Copy each line of the data below exactly, leaving out pictures.

◆ ◆ ◆ ◆ ◆ ◆ ◆

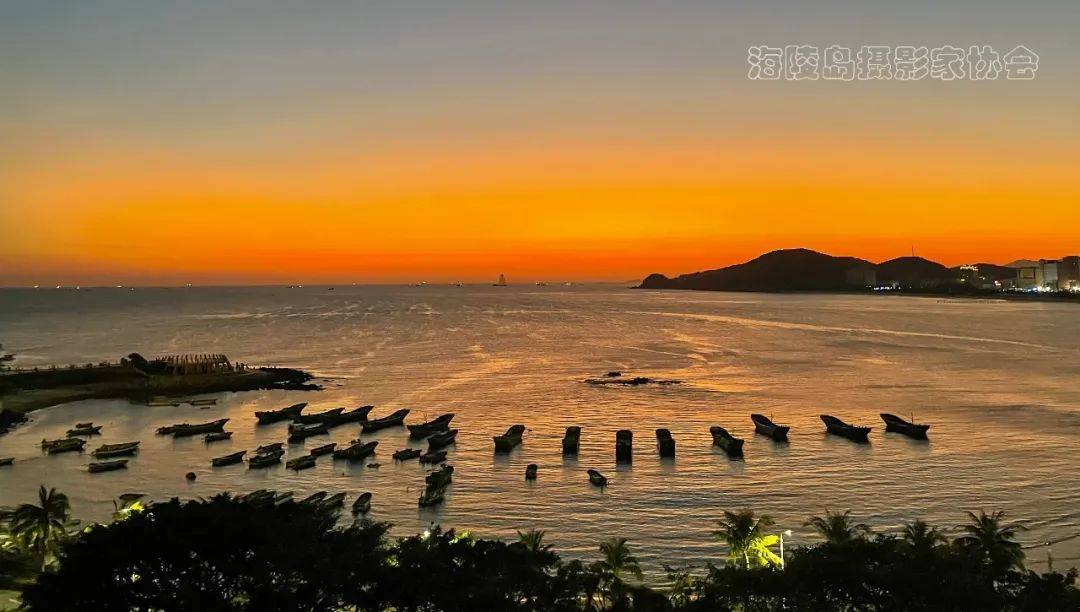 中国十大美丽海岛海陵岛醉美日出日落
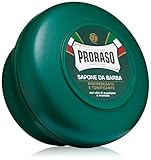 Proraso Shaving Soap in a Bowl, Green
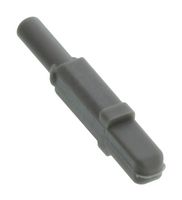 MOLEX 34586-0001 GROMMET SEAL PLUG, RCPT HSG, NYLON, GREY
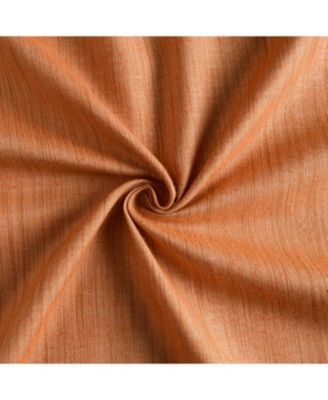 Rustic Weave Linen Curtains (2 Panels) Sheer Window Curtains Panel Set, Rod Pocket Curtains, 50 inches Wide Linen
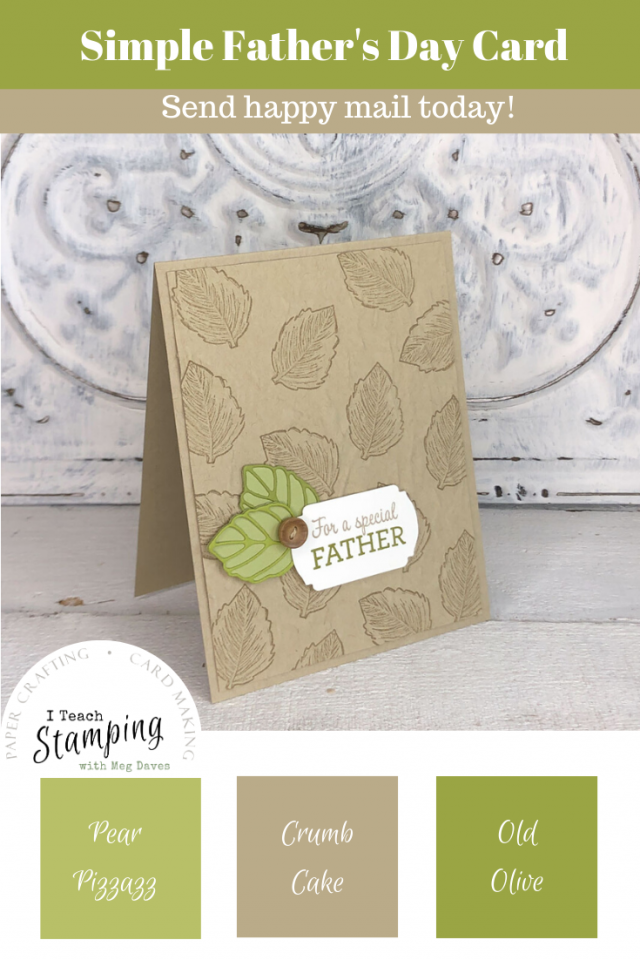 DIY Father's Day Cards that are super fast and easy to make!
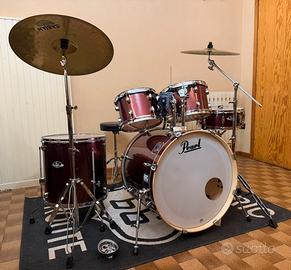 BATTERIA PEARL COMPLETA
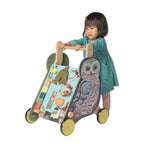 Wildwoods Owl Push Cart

◆ ◆ ◆ ◆ ◆ ◆ ◆

◆ **WRITTEN RESPONSE**:
 中国十大美丽海岛海陵岛醉美日出日落
 Proraso Shaving Soap in a Bowl, Green
 MOLEX 34586-0001 GROMMET SEAL PLUG, RCPT HSG, NYLON, GREY
 Rustic Weave Linen Curtains (2 Panels) Sheer Window Curtains Panel Set, Rod Pocket Curtains, 50 inches Wide Linen
 DIY Father's Day Cards that are super fast and easy to make!
 BATTERIA PEARL COMPLETA
 Wildwoods Owl Push Cart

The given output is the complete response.